Cocktail party Republicans: who's next in line?

  It's funny how the political parties have changed over the years. In the fifties and a bit later, true democrats, in general, seemed to be loving family people, loyal to the country, liberal in their viewpoint as far as being kind and generous to their fellow citizens. Many of them voted for Reagan. Republicans, otoh, have also been hard-working blue collar folks, those who believed in conservative values and pretty much voted the way their parents did.
  Now democrats have become liberal, liberal, liberal and their party's been overrun by communists, code pinkos, union thugs, con artists, college elitists and rich people who want to control the lives of the "small people." Republicans have become a bunch of old white guys standing in line for their turn at the trough or the presidency, professional politicians. Some are rich country clubbers who don't want to dirty their hands with the likes of the tea partiers or their candidates, some of whom are rough and took 5 or so years to get through state schools or community colleges. 
  There's a war going on now, and it's not necessarily between democrats and tea partiers.
  It's between non-politicians and professional politicians who've become accustomed to being treated like lords and ladies, and who think they have a right to order others around, to control every aspect of the small people's lives (like the accusation made so frequently against Christians in the past). 

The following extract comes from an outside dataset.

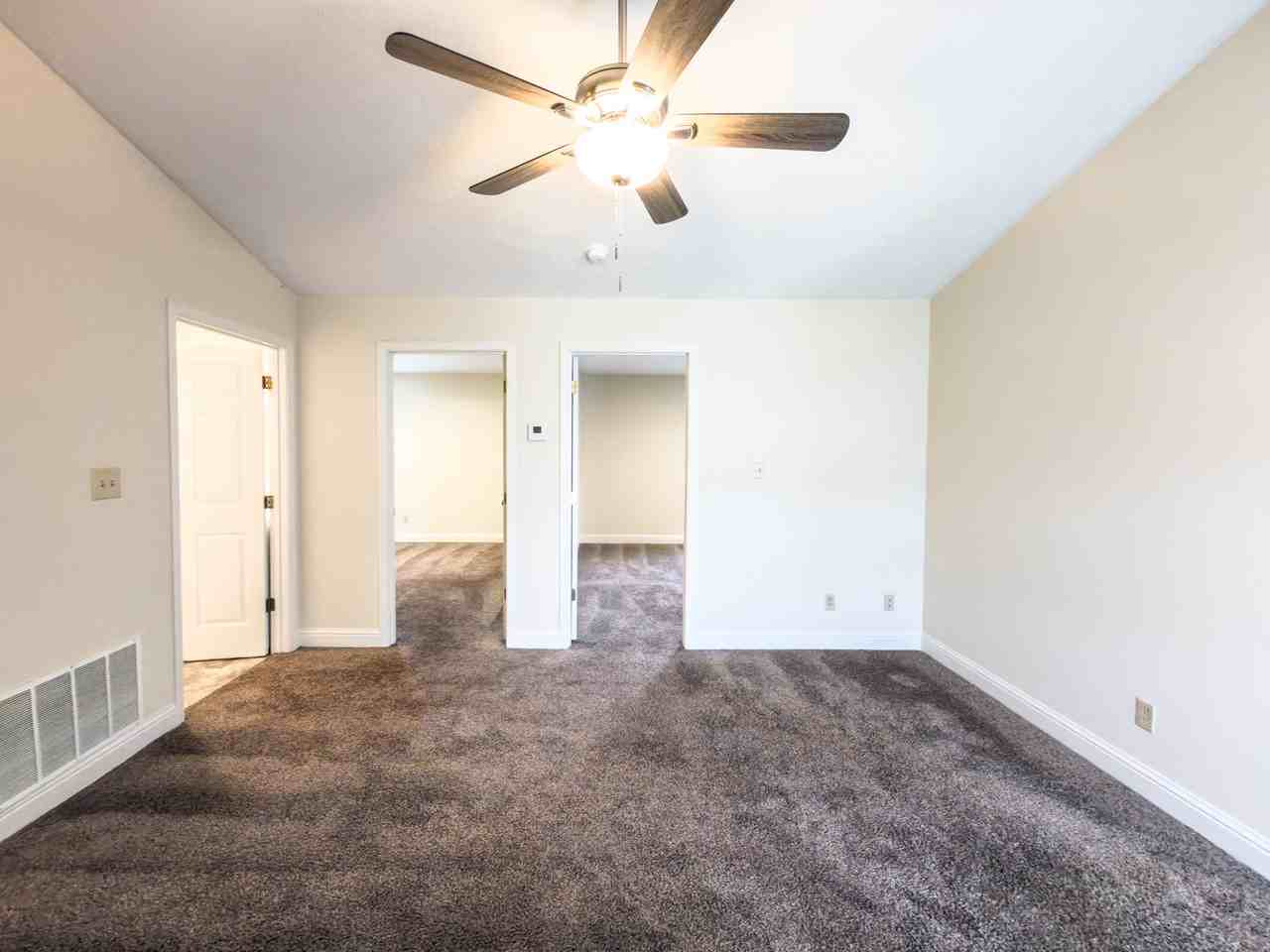 2525 Obryan Blvd #B - Photo 7 of 21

  In fact, it is true now that liberals are the ones who want to destroy independence, freedom and privacy. Liberal progressives are the ones who are making all the rules, right down to the last thousandth page of regulations. 
  The fight for the Republican presidential nomination thus becomes a harder fight than the one against Obama in the 2012 elections.
  Some of the most scintillating writing on the web about this issue can be found over at Hill Buzz, the gay Chicago liberals who now despise the democrat party for any number of reasons. Here's a bit from their latest article about Mitt Romney's presidential bid. The whole article is quite insightful. Read it here:
At cocktail parties in large cities across the country, these guys in their blazers, with women in their best Ann Taylor, get together and scorn the Tea Party and its grassroots energy.  They don’t believe the Republican Party should be run from the bottom up, because they enjoy being in the Union League or City Club looking down on the rabble from their penthouse view.  Scotch on the rocks in one hand, with their resumes in the other, these Cocktail Party Republicans see political campaigns as networking opportunities to advance their careers and afford them opportunities to get better, more important jobs in the future by way of the political connections they’ll make if Mittens Romney is the nominee.